The interim report of the Welfare Reform Committee, led by former Mission Australia head Patrick McClure is certainly positive about the potential of income management to improve lives. According to the interim report:

"To date, various government-funded evaluations of income management in Australia have either been completed or are underway, with mixed findings. Overall, however, the evidence to date suggests that income management has assisted individuals and families to stabilise their financial circumstances, helped them meet priority needs, particularly the needs of children, and can protect vulnerable people from financial harassment and exploitation".[3]

A summary of the evaluation material prepared by the Parliamentary Library in June 2012 is slightly less convinced that a pattern exists:

"The overall picture emerging from the available evidence is one in which positive changes have been uneven and fragile. On the other hand, there is little evidence that income management is responsible for a worsening of the situation in areas in which it operates".[4]

After almost seven years and something in the order of $1 billion[5] in total expenditure (yes ‘b’, not ‘m’), even the most cautious and conservative policy analyst would be hoping for something a bit more definitive than 'it hasn't made things any worse'.

Amongst the patchy positives are reports of significant problems with both the design and impact of income management. Those negative views are most prevalent in relation to the compulsory referral mechanisms and they are entirely unsurprising. Telling people they have to submit to a form of personal financial management, without necessarily assessing whether they need or might benefit from that intervention is fraught. Then there is the fact that volunteers receive a $250 bonus benefit payment every six months they are involved. And finally, participants get a bright green EFT card with Basics printed prominently on it, announcing to any interested retailer, or fellow shopper 'I am not so good with money'.

Little wonder that some compulsory referees have described their experiences of income management as variously embarrassing, humiliating and demotivating.[6]

There undoubtedly are people who have benefited from income management and dysfunctional communities that have improved the safety of some very vulnerable people by quarantining income that might otherwise have been prey to abusive partners, friends or relatives. Income management should continue to be available as a tool that might assist in particular circumstances. But it desperately needs some principles to guide its operation. Principles like limiting choice and agency only as a last resort rather than via automatic trigger and providing access to a payment platform free of stigma and shame.

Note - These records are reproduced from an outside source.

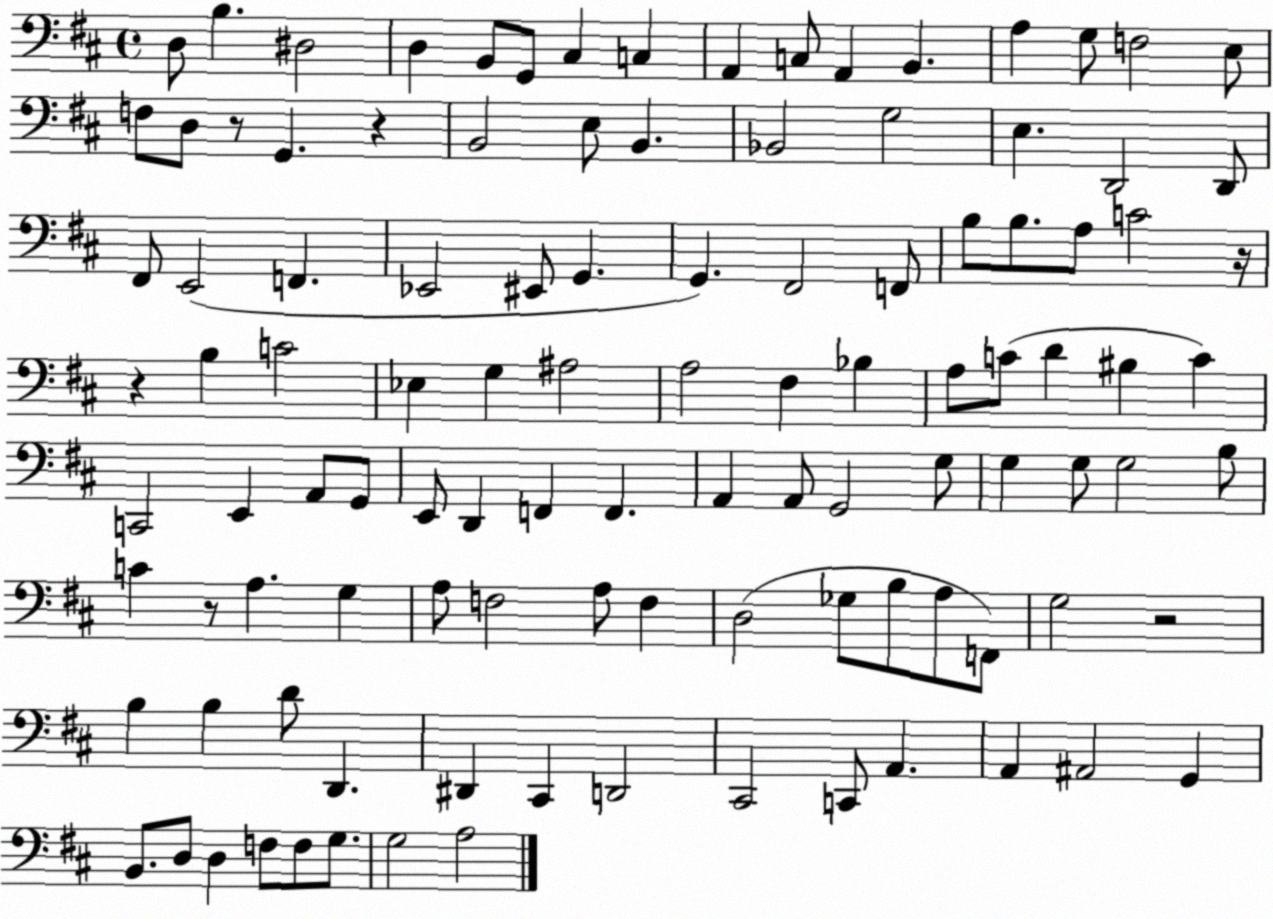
X:1
T:Untitled
M:4/4
L:1/4
K:D
D,/2 B, ^D,2 D, B,,/2 G,,/2 ^C, C, A,, C,/2 A,, B,, A, G,/2 F,2 E,/2 F,/2 D,/2 z/2 G,, z B,,2 E,/2 B,, _B,,2 G,2 E, D,,2 D,,/2 ^F,,/2 E,,2 F,, _E,,2 ^E,,/2 G,, G,, ^F,,2 F,,/2 B,/2 B,/2 A,/2 C2 z/4 z B, C2 _E, G, ^A,2 A,2 ^F, _B, A,/2 C/2 D ^B, C C,,2 E,, A,,/2 G,,/2 E,,/2 D,, F,, F,, A,, A,,/2 G,,2 G,/2 G, G,/2 G,2 B,/2 C z/2 A, G, A,/2 F,2 A,/2 F, D,2 _G,/2 B,/2 A,/2 F,,/2 G,2 z2 B, B, D/2 D,, ^D,, ^C,, D,,2 ^C,,2 C,,/2 A,, A,, ^A,,2 G,, B,,/2 D,/2 D, F,/2 F,/2 G,/2 G,2 A,2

It is also high time for some honest, scaled debate about the genuine effectiveness of income management. In a time of reported budget emergency, considering the national rollout of an expensive program that has not done much of anything feels more than a little imprudent.


[1] The estimation of $20 million is based on the budgeted commitment of $117 million across the five placed-based income management trial sites

[2] Department of Social Services officers reported a total of 348 income management participants in Greater Shepparton at 16 May 2014, during recent Estimates hearings. Of those, 172 had participated for longer than 14 weeks.

[3] Department of Social Services, A New System for Better Employment and Social Outcomes – Interim Report of the Reference Group on Welfare Reform to the Minister of Social Services, Canberra, June 2014, page 84.

[4] Buckmaster L, Ey C and Klapdoor M, Income Management: an overview, Background Note, Australian Parliamentary Library, Parliament of Australia, Canberra, 21 June 2012, page 40.

[5] Buckmaster et al, ibid, page 24.

[6] Rob Bray J, Gray M, Hand K, Bradbury B, Eastman C and Katz I, Evaluating New Income Management in the Northern Territory: First Evaluation Report, Social Policy Research Centre of New South Wales, Sydney, July 2012, page xxiii.